▶ Task objective: Excluding pictures, retype exactly the lines from the one with "Farmhouse White Horse" through the end of the records that follow.

▶ Captioned web image data:
◇ ◇ ◇ ◇
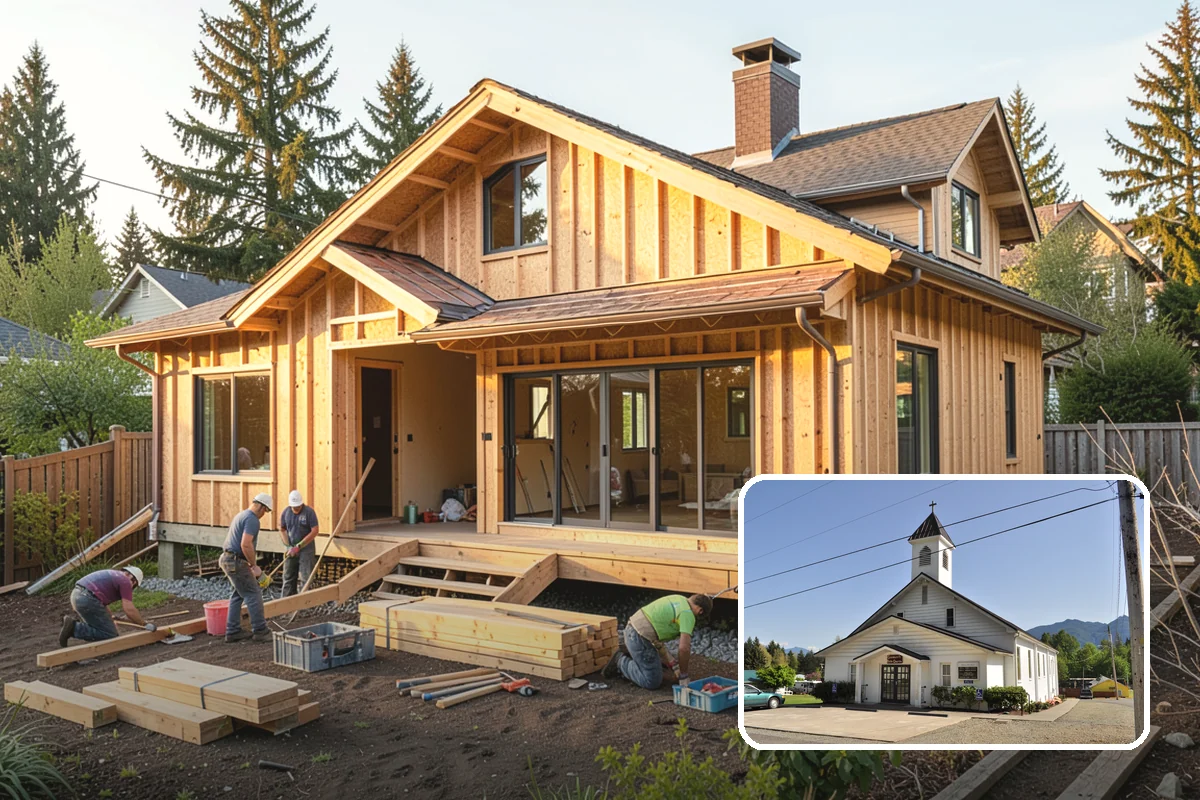 Bow Window Installation in Concrete, Skagit County, WA - Panoramic curved views and generous light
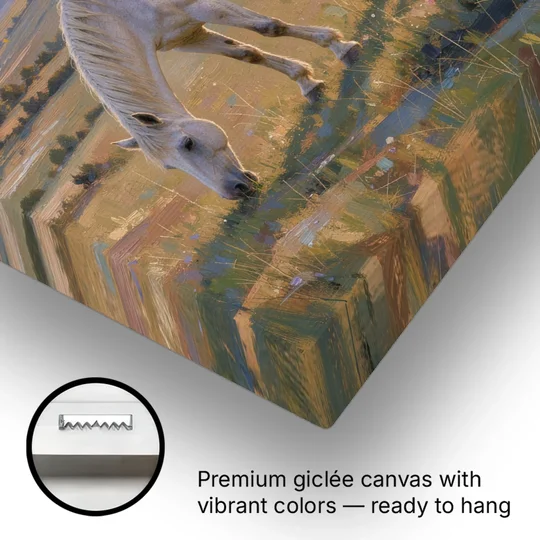 Farmhouse White Horse Grazing at Twilight - Canvas Wall Art - Gallery Wrap Corner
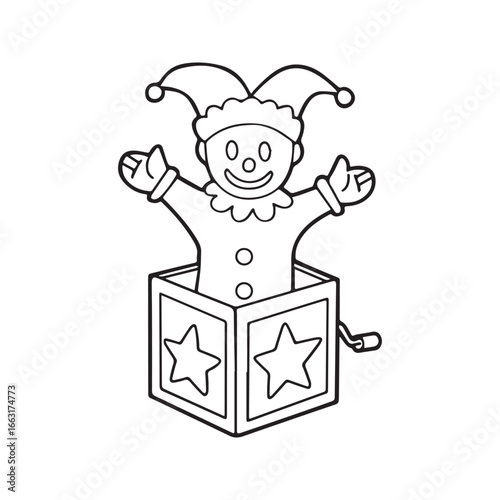 Jack-in-the-box classic toy line art. Cartoon clown jester popping out of a surprise box. Outline vector illustration for coloring book.

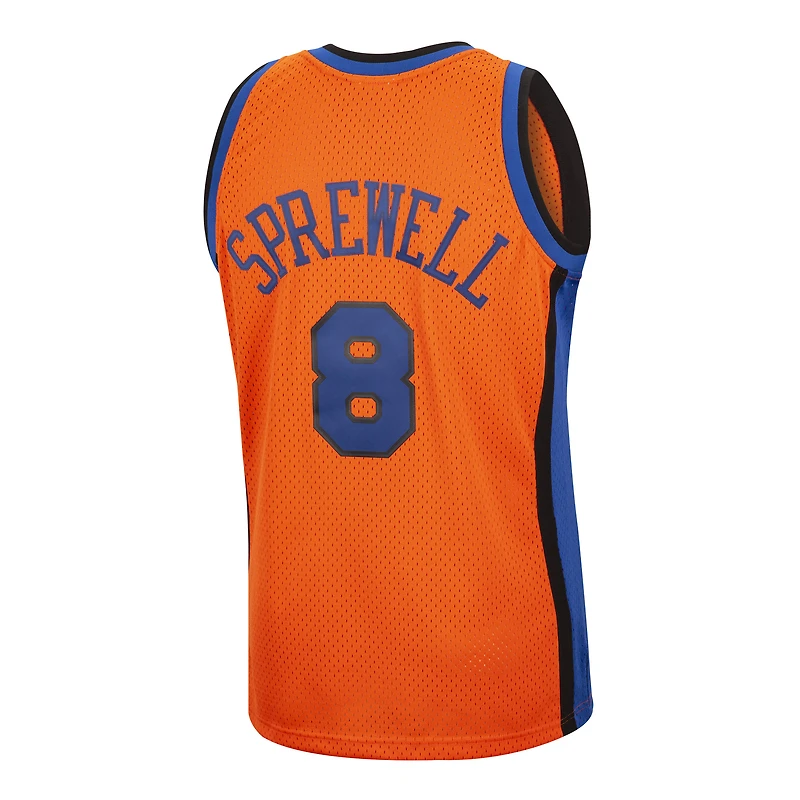 Men's Mitchell & Ness Latrell Sprewell Orange New York Knicks 1998/99 Lost on Mars Reload Swingman Jersey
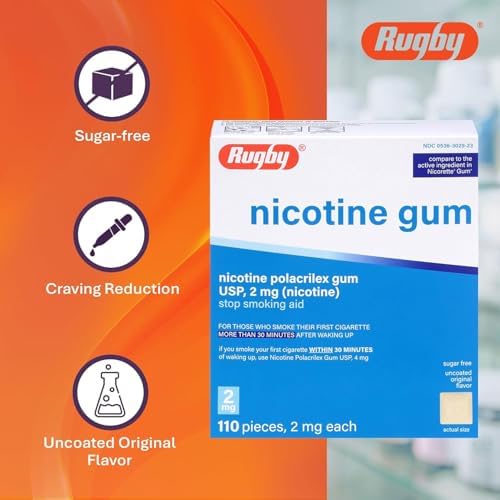 Nicotine Gum 2mg Sugar Free Original Generic for Nicorette 110 Pieces per Box Pack of 4 Total 440 Pieces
◇ ◇ ◇ ◇
▶ Answer section:
 Farmhouse White Horse Grazing at Twilight - Canvas Wall Art - Gallery Wrap Corner
 Jack-in-the-box classic toy line art. Cartoon clown jester popping out of a surprise box. Outline vector illustration for coloring book.

 Men's Mitchell & Ness Latrell Sprewell Orange New York Knicks 1998/99 Lost on Mars Reload Swingman Jersey
 Nicotine Gum 2mg Sugar Free Original Generic for Nicorette 110 Pieces per Box Pack of 4 Total 440 Pieces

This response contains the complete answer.